Wednesday, June 17, 2009

Something is wrong with the database

So, the emails start flying, something is wrong, the database has a problem. That is a very typical situation, and instead of defending the database right away, take some time to do a quick check of a couple of things.
Check number one might just be too obvious, but check the alert for errors. Validate that there is nothing goofy going on. And while you are checking out the bdump directory, a quick glance at udump for any trace files that could also be out there might show some information.
Check number two, any invalid objects or unusable indexes? Make sure that all procedures, views, triggers have a status of valid, but before recompiling, make sure you grab that last_modified date, because it might be needed later. Also, unusable indexes that might need to be rebuilt should be noted for what tables they are on and see if they are part of the issue.
Check number three, validate that statistics are up to date on indexes and tables.
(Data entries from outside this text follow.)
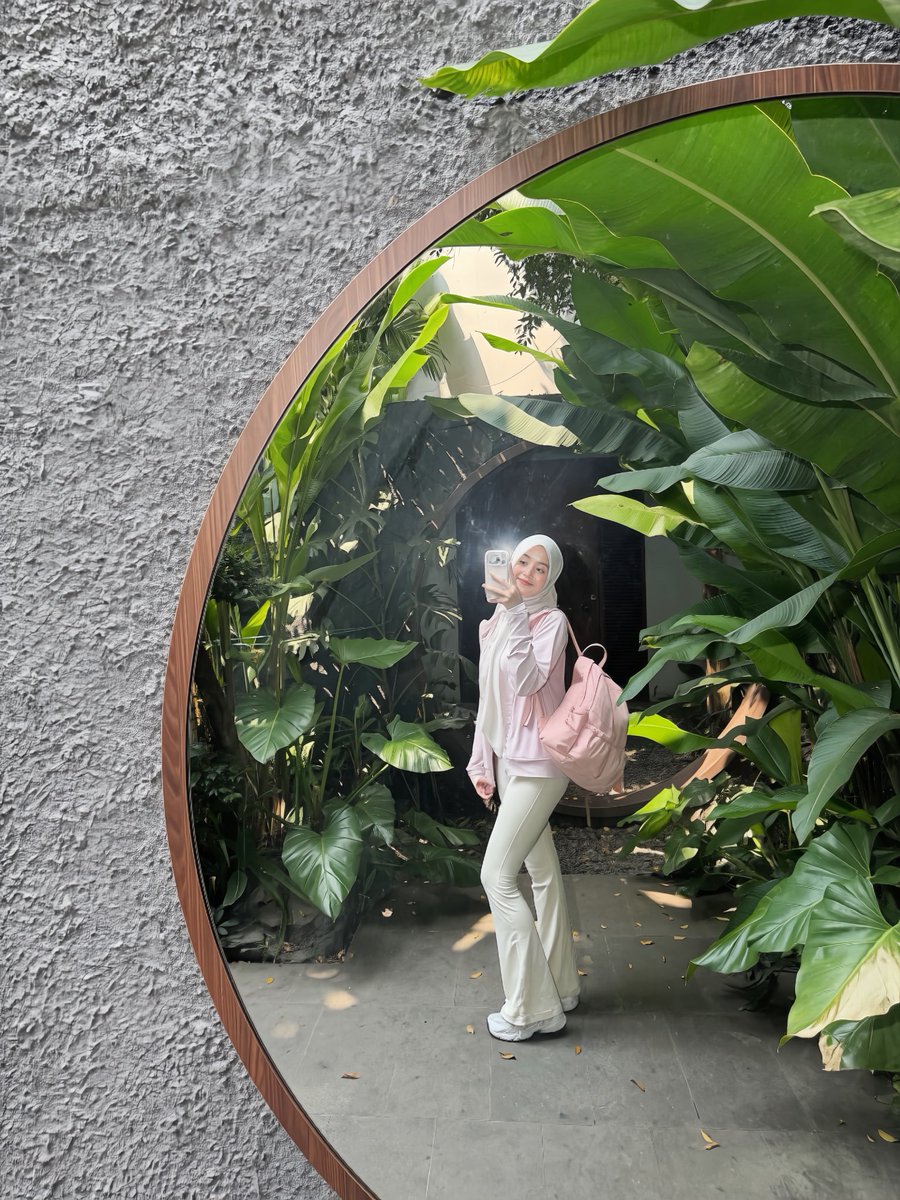 fbyyyp's tweet photo. first time yoga di samastha, so cozyyy 10/10🥹💗🫰🏻 https://t.co/OOUwqvT2Bb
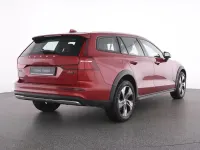 Gebraucht Volvo V60 CC Plus 197 PS (144 kW) 2024 Rot fusion red / metallic Kombi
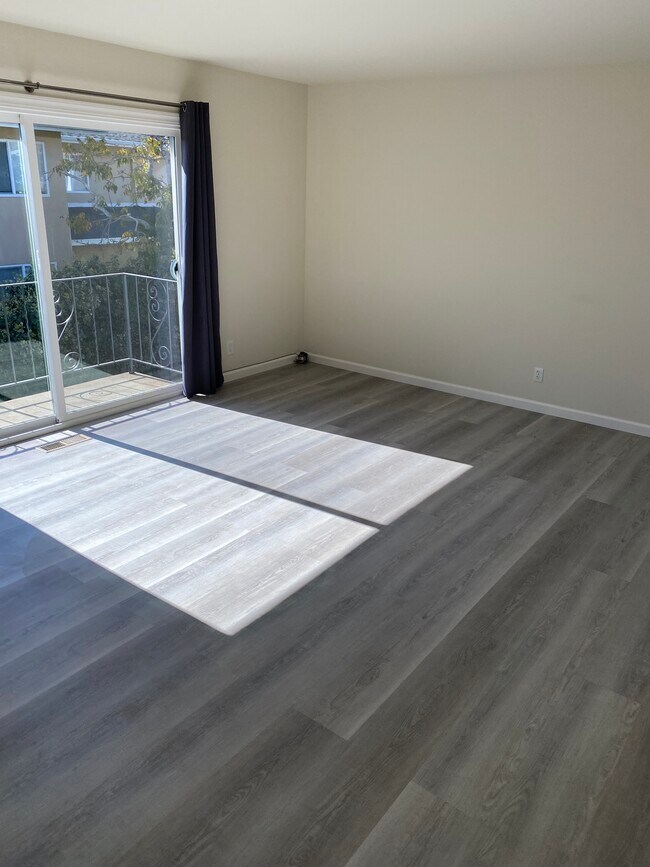 Living Room - 223 Villa Ter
And then check to make sure that there are no objects that were recently changed. Check that modified date on all of the objects. Even a modification to a data type can cause a join that was previously working to fail.
Maybe you use the checks in a different order, but with just this four, any obvious errors on the server have been found, anything that has changed has been validated and noted as changes made to the database and statistics have been checked, which can either show that this regular type of maintenance is not running or things are looking good and up to date on the datebase.
So, something wrong with the database, possibly, but now after these quick checks you can pull out more details about what they are seeing and what can be wrong. There is also supporting information if things have been changed or modified and help drilldown to more of the issue at hand.